Another day, another cricket field; this time up in Stellenbosch, where we called for a pre-match lunch at the Delaire Graff wine estate. Owned by UK diamond dealer Laurence Graff there are beautiful rooms, an excellent spa and an exceptional Vietnamese restaurant, Indochine. When we arrived at the cricket pitch (a little late – lunch was that good) touchline gossip had moved on the epic game of beach cricket that morning at Strand, a political scandal it would be impolite to detail and a family Rottweiler which had nipped one of the boys – unfortunately ours. (He was fine after sitting out the match, and we are now firm friends with the owner.) The gossip was again better than the cricket; our total was rapidly overtaken by one Stellenbosch boy who seemed intent on hitting the ball out of Africa.

Fully recovered, Luke had a good knock in the last match and the series finished honours even. That wasn’t the point though - they’d traded drizzly football for sun-drenched cricket; made new friends, perhaps for life; been moved by Nelson Mandela’s cell, climbed Table Mountain and got close to real lions.
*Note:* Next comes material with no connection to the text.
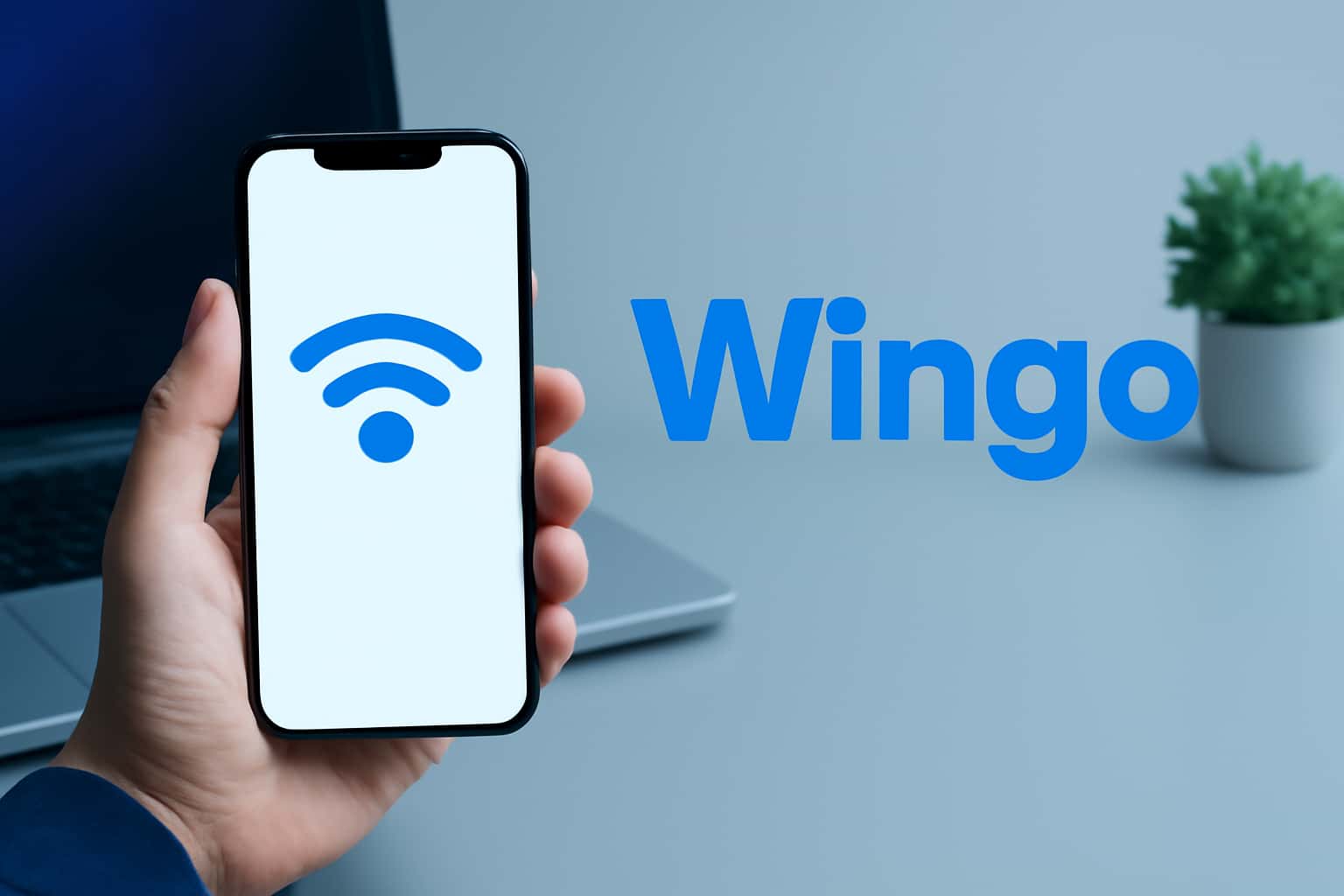 An informational scene showcasing mobile access features for Wingo.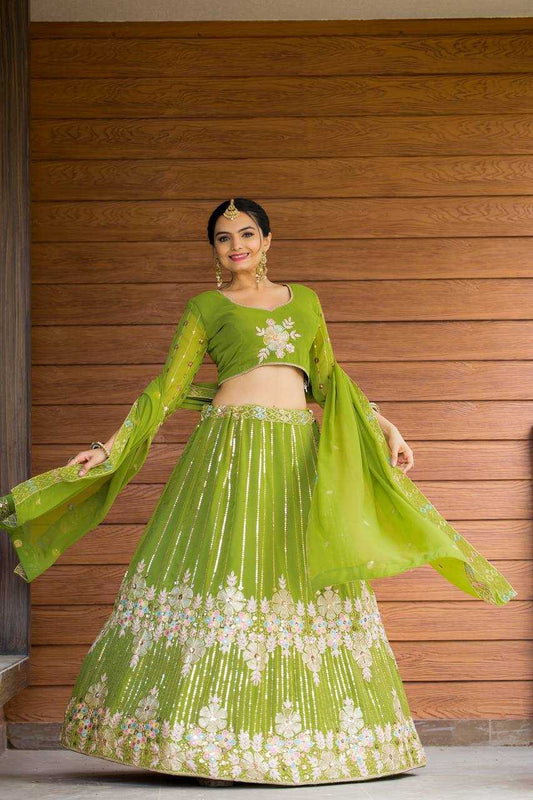 Faux Georgette Kesh156 1108 Lehengas  Fancy Traditional Embroidered Lehengas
We came home (different flights, of course) feeling we’d spent a lot longer away than five days – we’d shared big moments with our son, enjoyed some astonishingly good food and wine (at prices that seem a bargain by London standards), met some friendly people and stayed at a some of the most beautiful places on the planet.

We’d watched some passable cricket. And had a good old gossip on the touchline.